Released by the European Commission in July 2003, the Regulation reached the Council of Ministers in April 2004, after the European Parliament submitted their opinion. However, the council was unable to find an agreement over the proposal and negotiations collapsed. Now the Dutch Presidency look set to bring it back to the agenda.

“We monitored the situation after the collapse,” says Jo White of the ILPH. “Until now it looked like no one was going to take it up, but last week we got the news that the Dutch Presidency had decided to push this forward.”

If approved in its entirety, the Regulation would provide a unified legal framework for live animal transport across the EU, removing the differences between national legislations and tightening the rules for long-distance journeys. It would also define responsibilities for every step of the transport chain, from farmers and livestock markets to drivers and staff at assembly centres.

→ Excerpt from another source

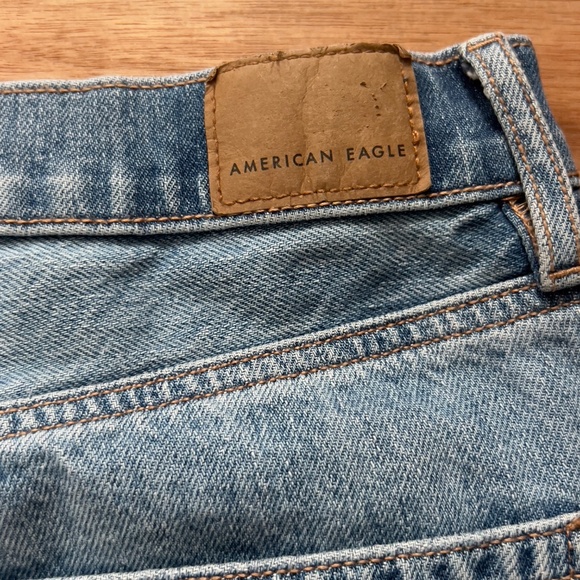 American Eagle Highest Rise 90's Flare US 10 Short L26" blue distressed - Picture 8 of 8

Under the new rules, horses in long-distance trips would stay in individual stalls with constant access to hay and water. Transport vehicles would have to be equipped with forced ventilation, automatic drinking systems, temperature monitors, data-recording tools, and an alarm system to alert drivers to any problems.

Anyone handling animals would have to be appropriately trained on transport welfare and pass an independent exam. Transport authorisations would be split into long-haul and short-haul, and long-haul operators would have to know how to cope with emergencies.

Transporters would also be required to keep a journey log, which would be checked against tachograph evidence — data from a device which measures and records speed and changes in speed — to ensure that travelling time limits are respected. Operators who break the regulation would risk having their authorisation withdrawn.

According to DEFRA, “the Dutch are looking to get an agreement on this before the end of their Presidency.” Whether they can succeed, however, remains to be seen. The timescale is very tight, because the Dutch Presidency will end in December, and the views of member countries on the matter are hugely different. When the council last debated the Regulation, discussions collapsed over travelling time limits and stocking density, so it is likely that some concessions will have to be made on these points. But the details of the current negotiation remain shrouded in secrecy.

“At the moment, we are trying to piece together as much information as we can,” says White, who, however, is very upbeat. “It’s a positive step that this is back on the agenda. We are working very closely with Defra on this and we’re looking at lobbying in Brussels.”